A video posted online by the Syracuse Police Department July 9, 2020, shows a hooded figure trying to open an Audi sedan parked in a driveway, then walking back to a car waiting in the street. Syracuse and other law enforcement agencies in Davis and Weber counties have experienced a rash of car burglaries, thefts and residential thefts in the past couple of months.

LAYTON — The trouble started about three months ago, when the first series of car burglaries, thefts and residential thefts happened in Davis County.

It has since ballooned into a major problem that law enforcement agencies in northern Davis County and southern Weber County are trying to figure out, so much so that the Layton Police Department is offering a $500 reward for help in finding out who’s responsible for the rash of crime in the area.

“Over the last couple months, Layton City and surrounding cities in Davis County have seen an increase in vehicle thefts, vehicle burglaries, and residential burglaries. Investigation into these crimes lead us to believe they are being committed by the same individuals. We are offering a $500 reward for information leading to the arrest of those involved,” a statement posted to the department’s Facebook page Wednesday reads.

Last week, Syracuse Police posted a statement to its Facebook page saying it had recorded 35 incidents of car thefts, burglaries and residential burglaries in the past three months. The number has slightly increased in the past week.

What’s happening, Syracuse Police detective and Public Information Officer Erin Behm said, “is people are leaving their vehicles unlocked and their garage doors open overnight, making it easy for people to get in and steal their stuff.”

Police departments are urging people to lock their cars, not leave valuable items in cars, shut their garage doors and report any suspicious activity.

Behm said that for Syracuse specifically, these are crimes of opportunity.

Video footage posted to the department’s Facbeook page shows one suspected incident, in which a person wearing all-black clothes walks up to an Audi sedan in someone’s driveway, tries to open the door and then leaves.

The person then joins three others in a silver sedan idling in the street and the car drives away. This particular incident appeared to happen either before sunrise or after sundown.

Clearfield Police Assistant Chief Devin Rogers said investigators from “multiple” agencies met Wednesday to share information and try to figure out who’s responsible.

Rogers said Clearfield has had 13 car burglary cases reported since June 20, and the department posted a warning about the trend to its Facebook page July 7.

“Please lock your vehicles and secure your personal belongings!” the post read. “The southeast portion of the city (South of Antelope and East of Main Street) has experienced an increase in auto burglaries and vehicle thefts. We suspect the same suspects are committing several thefts in Clearfield as well as thefts in surrounding cities. The video we obtained shows the vehicle driving (slowly) in the neighborhood with individuals walking and checking vehicles to see if they can find an unlocked door. If you recognize the vehicle or suspect please call us. We have increased our patrol efforts in this area.”

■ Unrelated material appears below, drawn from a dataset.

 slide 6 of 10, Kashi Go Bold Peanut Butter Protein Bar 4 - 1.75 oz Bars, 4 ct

Just after July 4, Rogers said Clearfield had six or seven car burglaries and one car theft reported in one night alone in the same area of the city, an indication of a troubling trend.

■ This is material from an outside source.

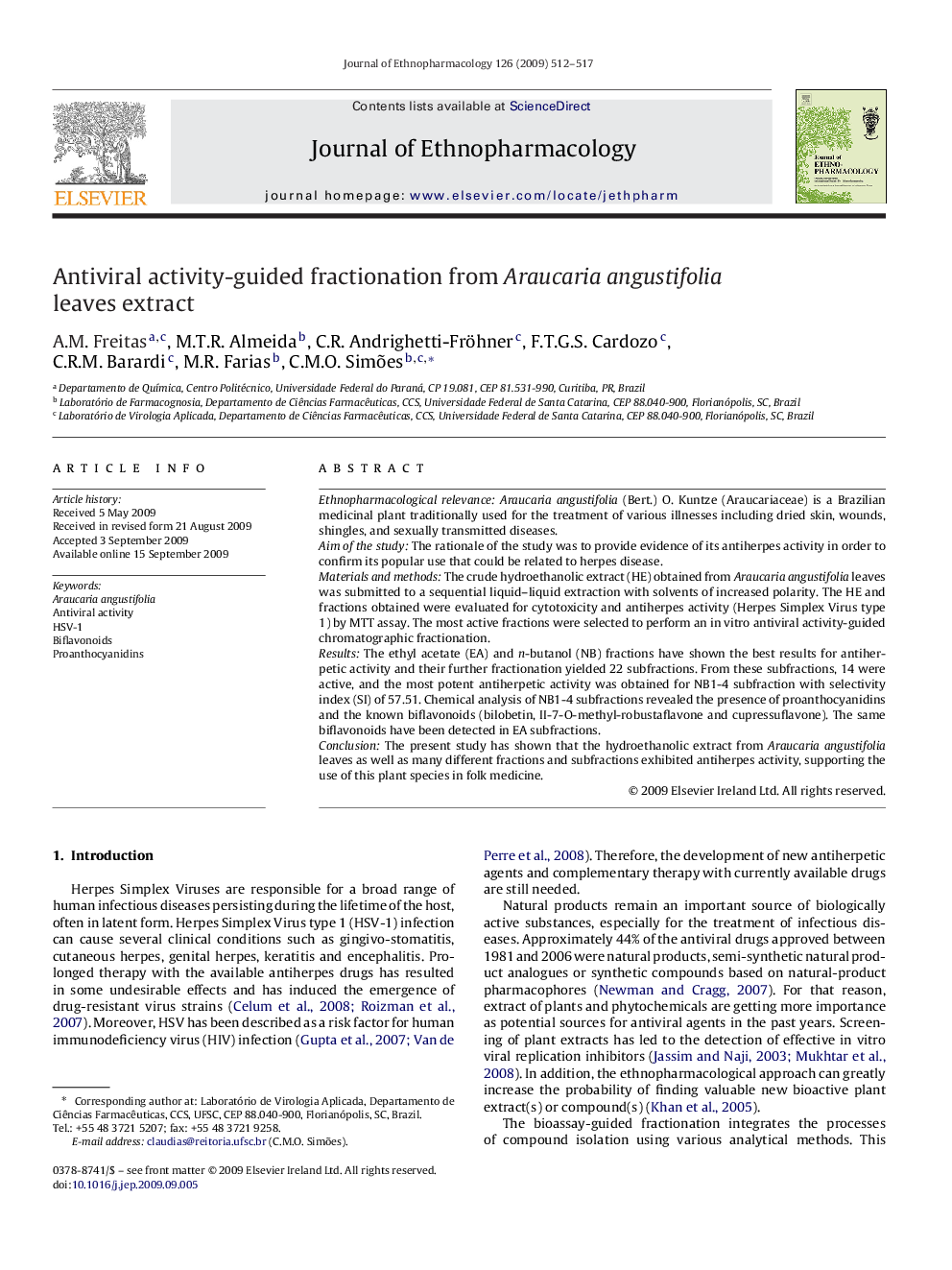 Antiviral activity-guided fractionation from Araucaria angustifolia leaves extract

“What’s more concerning is it comes in waves,” Rogers said.

It’s not one burglary per night or per week, rather several at a time. Rogers said that makes it harder for authorities to pin down the criminals because they’re moving around so much.

Neither department has found a reason why there’s been a sudden uptick in the crimes.

Rogers said the reason why there’s a strong belief among agencies that the crimes are being committed by one group is because the departments, after sharing information, have found similarities in the types of crimes as well as the suspects committing them in different cities.

At least one city in Weber County is dealing with the rash of crime. On Tuesday, Riverdale City posted a statement to its Facebook page addressing the trend.

“There have been several vehicle burglaries/attempted vehicle burglaries during the past few nights, a couple as recent as last night,” reads the post, attributed to Mayor Norm Searle. “They are occurring in different parts of the city, even in my own neighborhood. I would strongly suggest that you keep your vehicles locked and when possible off the street at night. Also, please remember to call the police department, 911 for emergencies (burglary in progress), or, 801-629-8221 non-emergency number. Your phone call may make a difference in apprehending the suspects and having stolen items returned to their rightful owner.”

A LexisNexis crime database, communitycrimemap.com, indicates Riverdale PD has investigated at least six thefts since June 16, including a motor vehicle, a firearm and two bicycles.

The Weber County Sheriff’s Office also warned of an increase in thefts, asking the public to lock their cars and take valuables, particularly guns, out of cars.

Calls to the South Ogden and Riverdale Police departments weren’t returned by publication. A Roy Police Department lieutenant couldn’t confirm whether the trend was also happening in that city.